К служебному входу ДК Первой пятилетки, во тьме поздней ленинградской осени 1974-го в толпе образовался ход. Из белого "жигуля" вышел Владимир Высоцкий и, проходя по живому коридору просителей контрамарок упруго и коренасто, едва заметным движением головы налево и направо разрезал холодный воздух коротким "не могу, не могу, не могу". Финалом гастролей театра Юрия Любимова был, конечно, "Гамлет", и, вслед за "жигулями" Высоцкого вскоре подкатило авто первой леди Таганки Аллы Демидовой. Картинно кутаясь в мягкую ткань белого пальто, она уже ощущала себя Гертрудой - неприступной и холодной, - и многочисленные просьбы страждущих примерзли к языкам. Леди знала и чувствовала свою территорию и, кажется, не выносила карабкающихся на сцену поклонников. Демаркационная линия даже в самом демократичном театре строго соблюдалась.

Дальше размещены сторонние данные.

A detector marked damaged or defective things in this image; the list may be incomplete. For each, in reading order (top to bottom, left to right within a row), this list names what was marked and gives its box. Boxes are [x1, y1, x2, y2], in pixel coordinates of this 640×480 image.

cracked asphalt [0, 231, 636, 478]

Когда появлялся Высокий на сцене, уловить было трудно. Зал все еще копошился, устраивался в креслах, высматривая свободные места. А он тихо сидел на полу у самого занавеса, в гитарой, в "трениках" и фуфайке. Казалось, он не видит зала, а чутко вслушивается в музыку ропота, настраиваясь на нужную волну. Актер был проводником времени, и когда уже в кромешной мгле белый луч выхватывал его фигуру в полный рост на просцениуме, происходило слияние сцены и зала. Слова Гамлета-Пастернака-Высоцкого сорванным бельканто разрезали тишину.

Гул затих, я вышел на подмостки,
Прислонясь к дверному косяку...

Разреженный воздух, ватная духота эпохи - все оставалось где-то там, за стенами театра, в другом измерении. Подобного интеллектуального, осмысленного единения на поклонах сейчас уже не встретишь. Контекст ушел, прошла пора демократического театра, театра-собеседника и друга, с особенным поклоном: не реверансом и не комплиментом, а дружеским кивком, когда один многозначительно бросает: "Да?", а другой кивает: "Ага".

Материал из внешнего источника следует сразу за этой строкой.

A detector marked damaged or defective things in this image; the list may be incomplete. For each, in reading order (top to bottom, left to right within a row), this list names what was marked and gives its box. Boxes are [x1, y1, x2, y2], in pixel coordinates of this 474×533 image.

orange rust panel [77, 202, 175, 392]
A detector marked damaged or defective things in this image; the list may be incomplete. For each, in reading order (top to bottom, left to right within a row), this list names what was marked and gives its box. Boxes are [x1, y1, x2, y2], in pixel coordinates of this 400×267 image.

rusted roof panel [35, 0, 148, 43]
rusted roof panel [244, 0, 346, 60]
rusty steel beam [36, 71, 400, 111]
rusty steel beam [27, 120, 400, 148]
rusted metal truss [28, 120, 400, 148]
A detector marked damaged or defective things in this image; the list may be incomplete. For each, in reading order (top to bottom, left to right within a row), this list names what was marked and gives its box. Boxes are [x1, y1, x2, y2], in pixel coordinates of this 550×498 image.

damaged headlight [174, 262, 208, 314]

А сейчас Евгений Колобов на поклонах может перекрестить зал. И это тоже исторический момент и другой контекст. А Петр Фоменко в "Великолепном рогоносце" совершенно органично использует упражнение Михаила Чехова с золотым кругом на вступительном поклоне. Сегодня это можно, сегодня это понятно и восхитительно. В маленьком замкнутом кубическом пространстве, где зритель усаживается по периметру вдоль стен, актеры, взявшись за руки вокруг площадки, концентрируя внимание, степенно поклоняются друг другу, а затем, разворачиваясь, повторяют движение, уже обращенное к зрителю.